There is no single fee. The real cost is a stack: the Ukrainian state work-permit fee (normally paid by your employer), the Type D visa consular fee (about USD 65–85) plus a VFS service charge, certified translation and consular legalisation of documents, travel health insurance with €30,000 coverage (roughly USD 40–120), and BMET Smart Card clearance at the official Bangladesh rate. On top of these third-party costs, our own legal service fees start at USD 30 for an eligibility assessment. Anyone quoting a single lump sum of several lakh taka for a "guaranteed" permit is describing a scam, not a fee.
Who pays the Ukrainian work-permit government fee — me or the employer?
By law the work-permit state fee is paid by the sponsoring Ukrainian employer to the State Employment Service, not by the worker. If an agent in Bangladesh asks you to pay the "government permit fee" in cash, treat it as a red flag and verify the employer directly.

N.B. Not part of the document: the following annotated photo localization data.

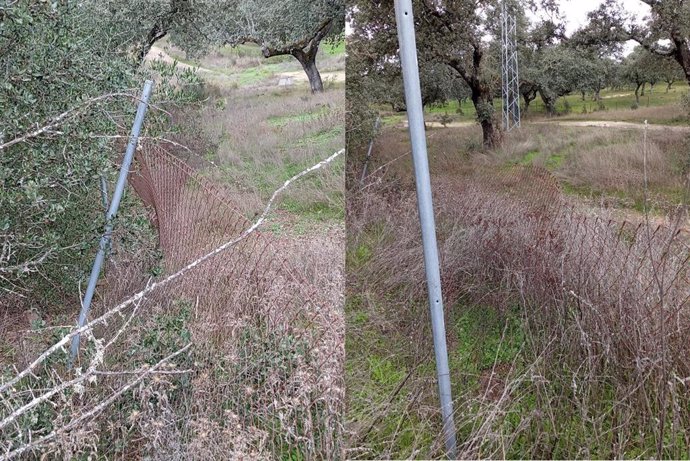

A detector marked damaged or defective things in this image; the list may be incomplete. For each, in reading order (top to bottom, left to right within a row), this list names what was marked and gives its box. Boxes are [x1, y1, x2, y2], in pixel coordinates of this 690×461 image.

rusty wire mesh fence [0, 142, 342, 458] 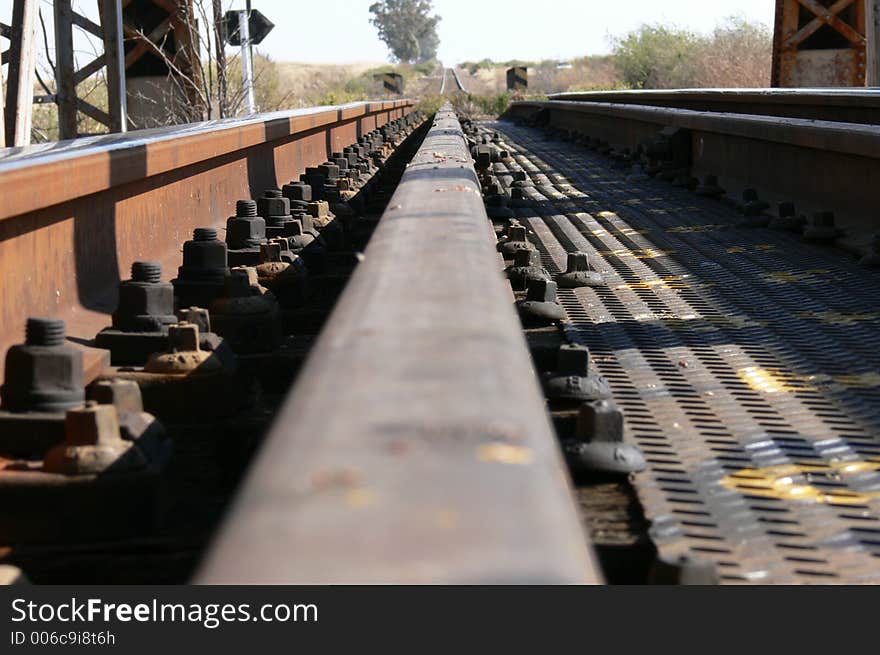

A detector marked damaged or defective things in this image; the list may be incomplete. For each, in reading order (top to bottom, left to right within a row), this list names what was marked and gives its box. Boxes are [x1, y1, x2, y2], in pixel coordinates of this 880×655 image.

rusty rail [0, 100, 416, 382]
rusty steel beam [0, 100, 416, 386]
rusty steel beam [196, 105, 600, 588]
rusty rail [196, 105, 600, 588]
rusty steel beam [506, 100, 880, 254]
rusty rail [506, 100, 880, 256]
rusty steel beam [552, 88, 880, 125] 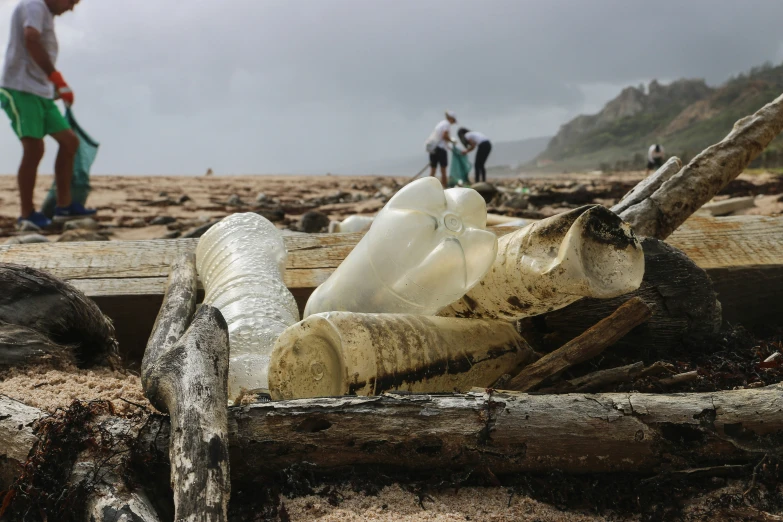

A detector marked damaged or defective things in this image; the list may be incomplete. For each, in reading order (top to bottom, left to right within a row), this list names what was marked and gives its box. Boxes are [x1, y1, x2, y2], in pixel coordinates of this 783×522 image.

broken wooden stick [620, 92, 783, 239]
broken wooden stick [142, 254, 231, 520]
broken wooden stick [506, 296, 652, 390] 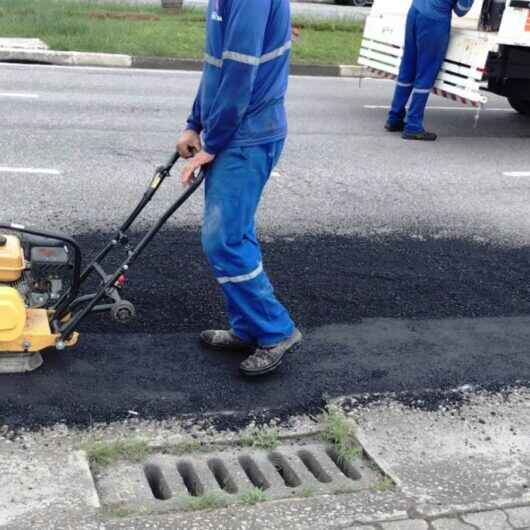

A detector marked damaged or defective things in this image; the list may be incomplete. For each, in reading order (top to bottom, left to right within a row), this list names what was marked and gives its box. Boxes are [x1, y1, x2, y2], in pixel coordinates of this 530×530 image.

black asphalt patch [0, 229, 524, 426]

Why is apostille not part of the cost?
Bangladesh is not a member of the Hague Apostille Convention, so an apostille is not valid for documents going to Ukraine. Instead you pay for consular legalisation through the MFA in Dhaka and the Ukrainian Embassy. Budget for legalisation, not apostille.
Is a cheaper "package deal" from a broker better value?
No. A broker "package" that bundles a job, a permit and a visa into one guaranteed price is the classic BAIRA-broker scam pattern. Real government and consular fees are fixed and public; a legitimate lawyer charges only for advisory work and never guarantees a visa outcome. Paying more does not buy certainty — it usually buys risk.
What is the cheapest safe way to start?
The lowest-cost safe first step is our Eligibility Assessment at $30: we tell you whether your route is realistic before you spend on translation, legalisation, insurance or travel. If an employer is involved, an Employer Verification ($79) usually costs less than a single broker "processing fee".